If an entry holds a picture, leave the picture out and output everything else exactly.

• [EXTRACTED RECORDS]:
_ _ _ _
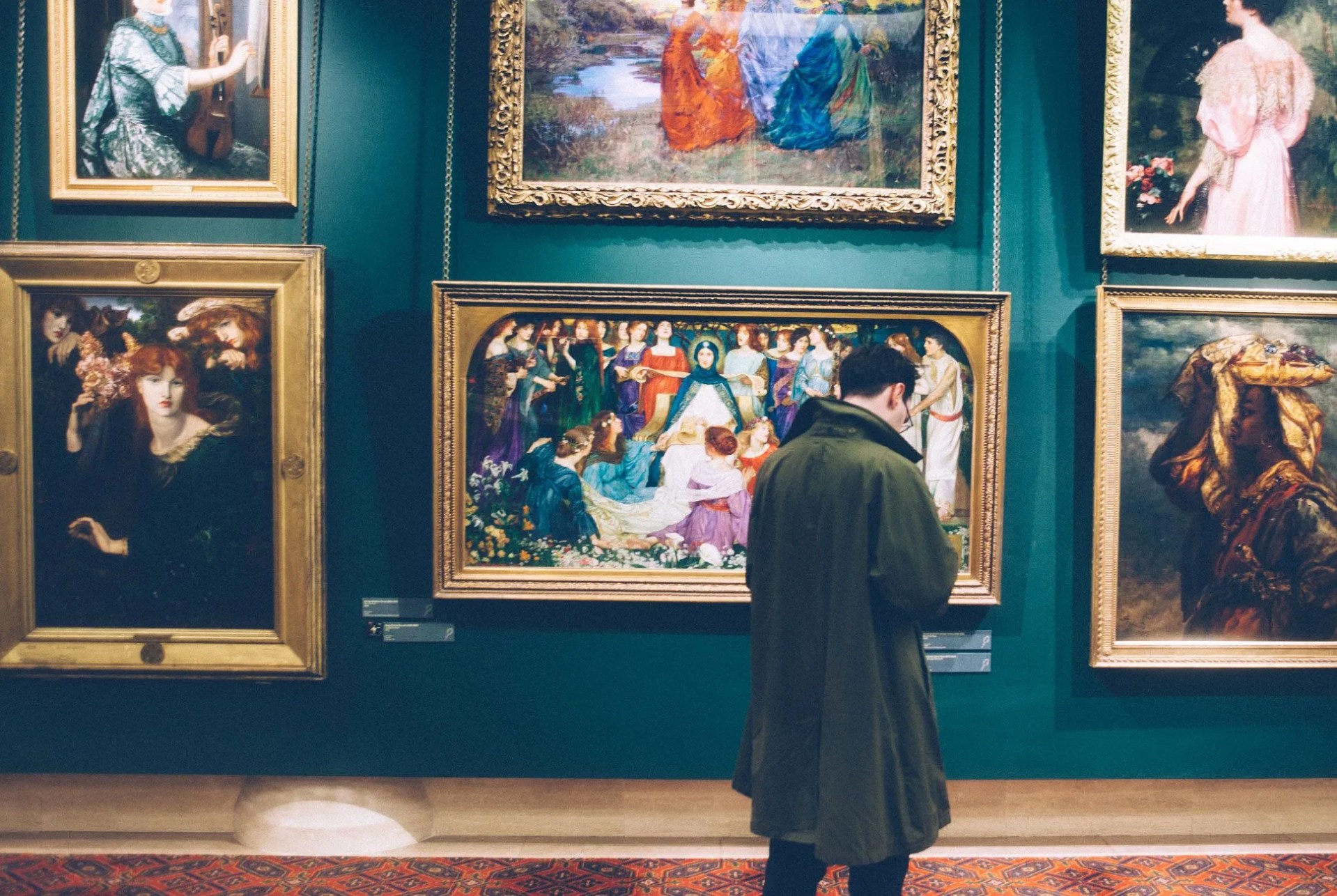 mailbag-gear-patrol-how-to-buy-art-full-lead
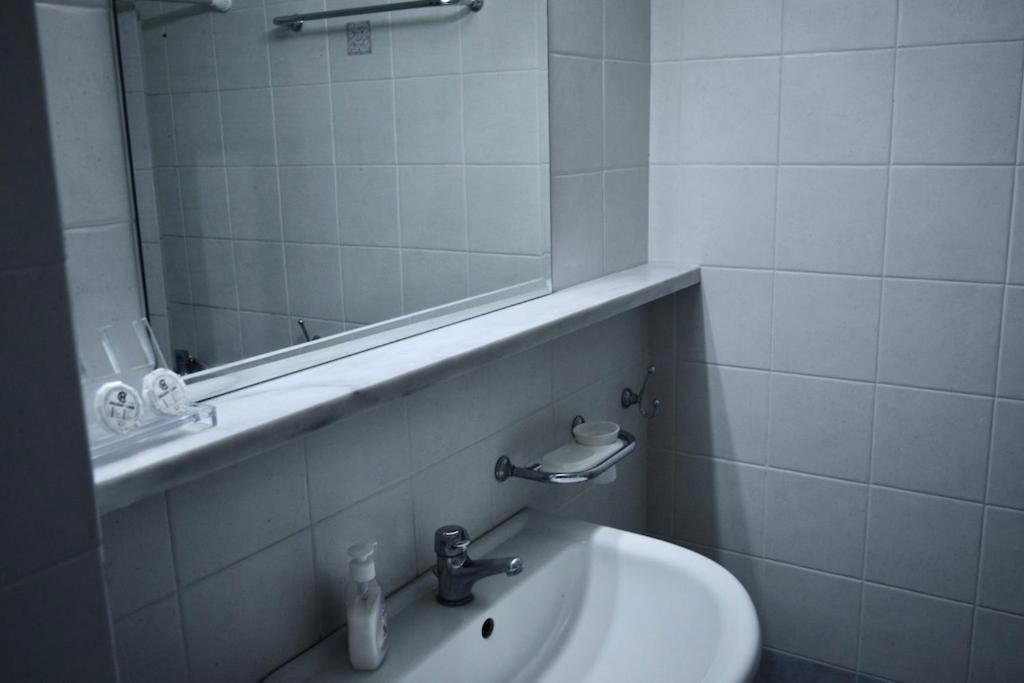 Eviaxl Studios Khronia Ngoại thất bức ảnh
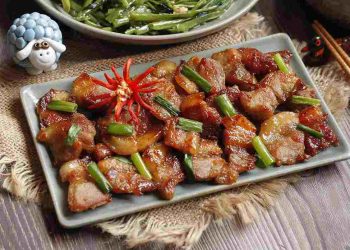 Cách chọn thịt ba chỉ để rang cháy cạnh đúng cách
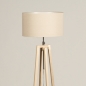Foto 31270-7 schuinaanzicht: Landelijke vloerlamp van licht hout met beige linnen lampenkap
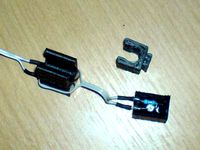 Mendel clip-on LED lighting by Lenbok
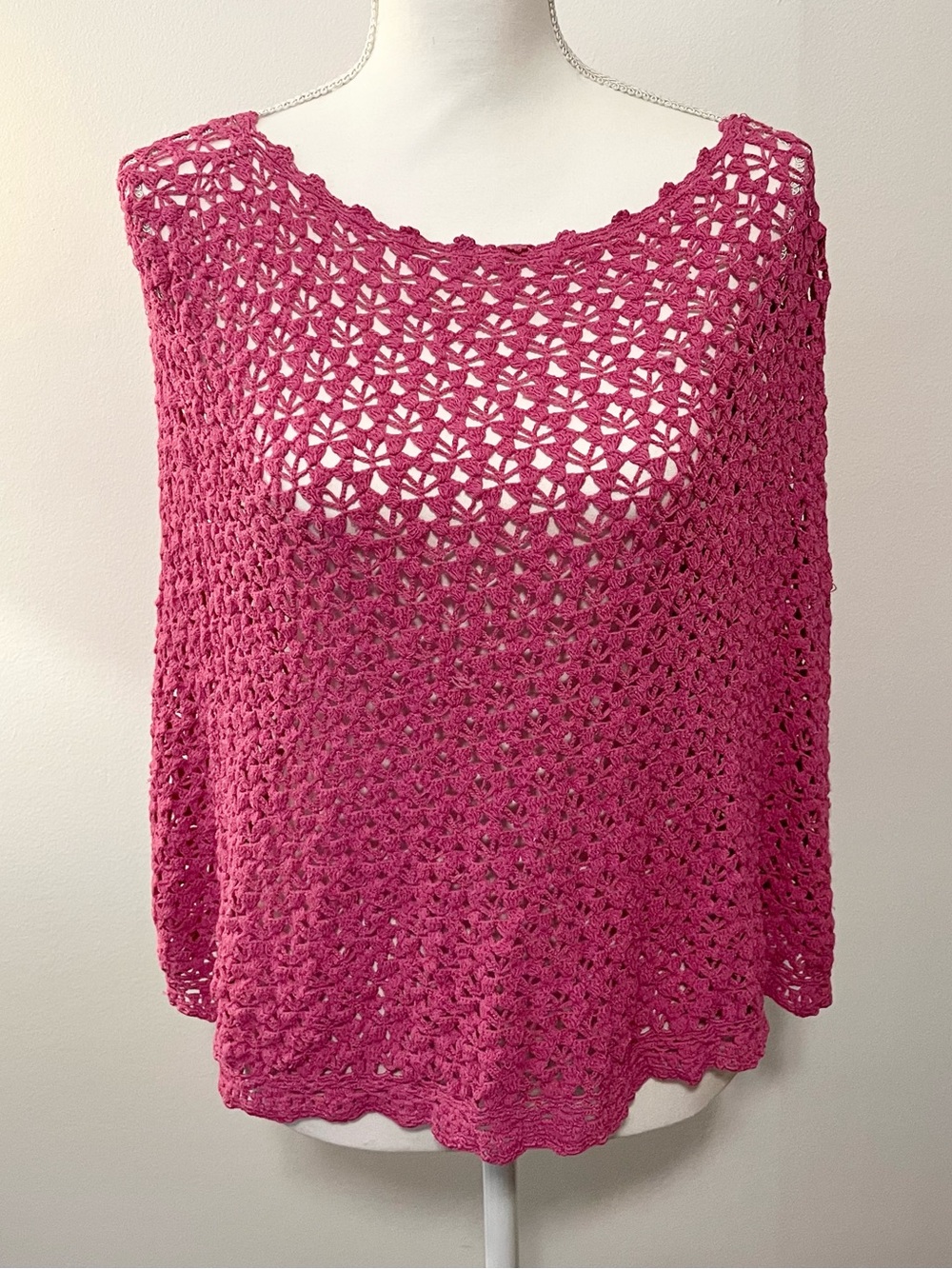 ITSU Pink Open Knit Crochet Capelet/Poncho. Coverup for Pool Beach Casual. Sz OS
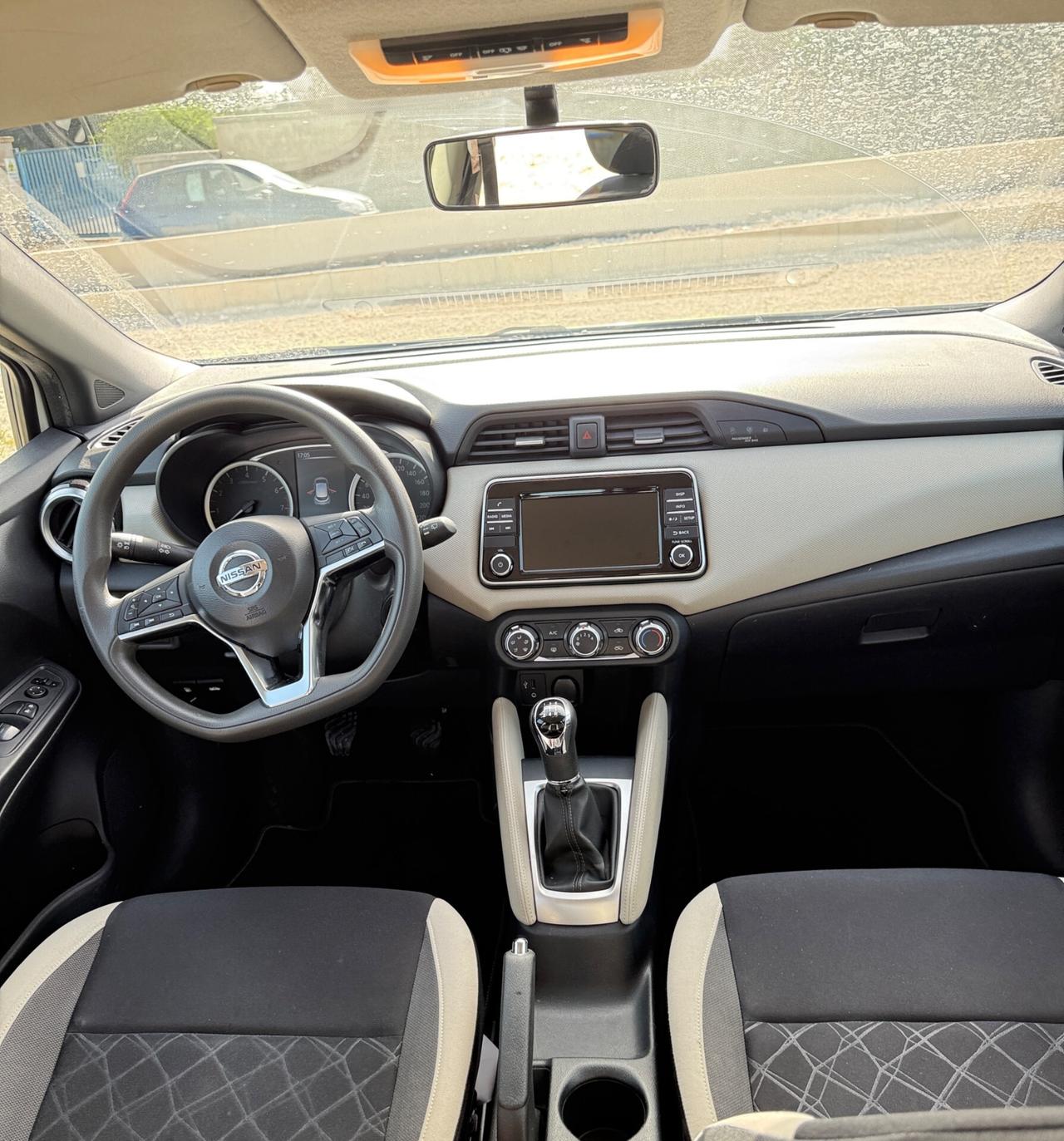 NISSAN Micra Tekna 1.0 71cv 2017 quinta serie 5 porte
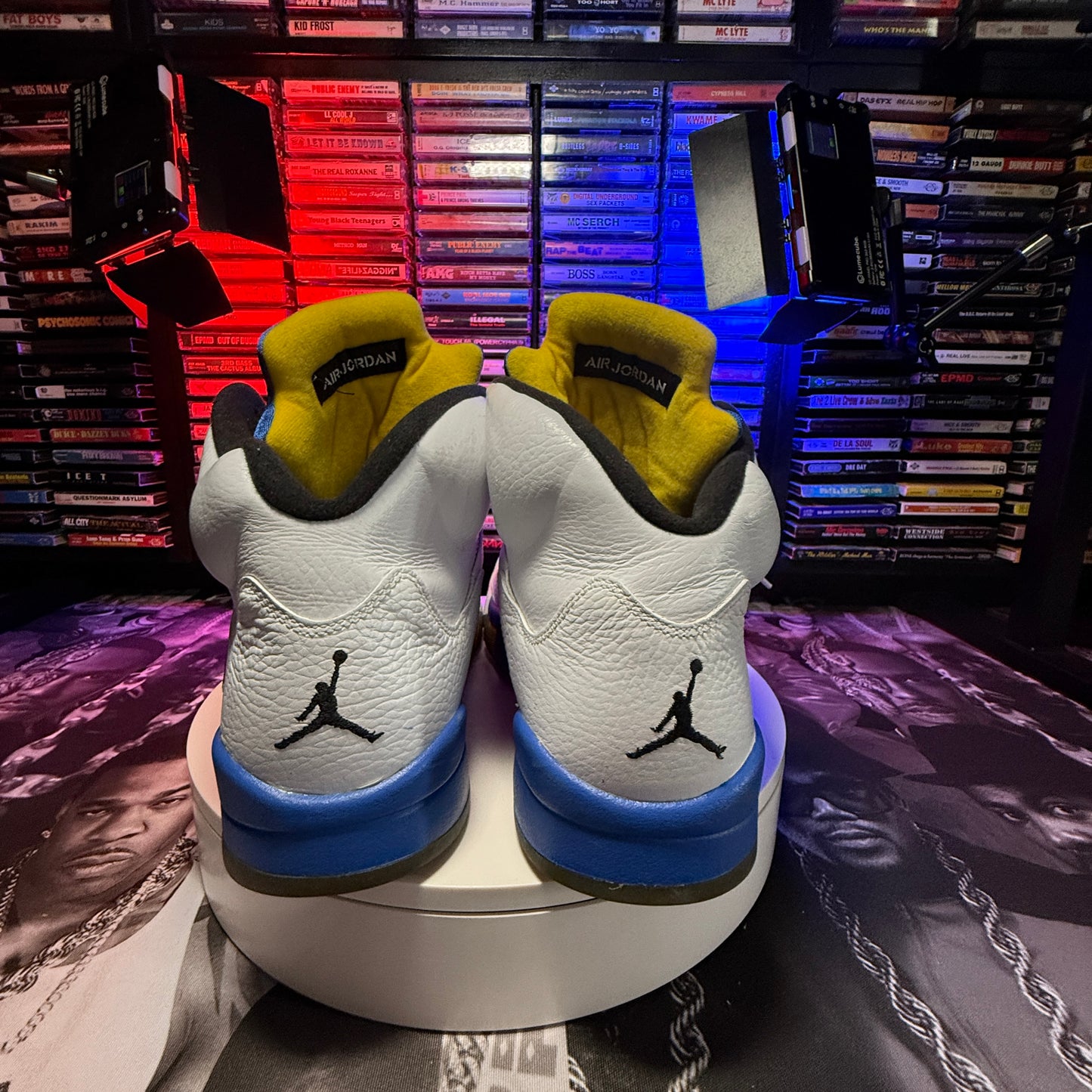 2013 Air Jordan Retro 5 Laney White Blue Maize 136027-189 Size 12 No Box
_ _ _ _
• [WRITTEN SOLUTION]:
 mailbag-gear-patrol-how-to-buy-art-full-lead
 Eviaxl Studios Khronia Ngoại thất bức ảnh
 Cách chọn thịt ba chỉ để rang cháy cạnh đúng cách
Foto 31270-7 schuinaanzicht: Landelijke vloerlamp van licht hout met beige linnen lampenkap
 Mendel clip-on LED lighting by Lenbok
 ITSU Pink Open Knit Crochet Capelet/Poncho. Coverup for Pool Beach Casual. Sz OS
 NISSAN Micra Tekna 1.0 71cv 2017 quinta serie 5 porte
 2013 Air Jordan Retro 5 Laney White Blue Maize 136027-189 Size 12 No Box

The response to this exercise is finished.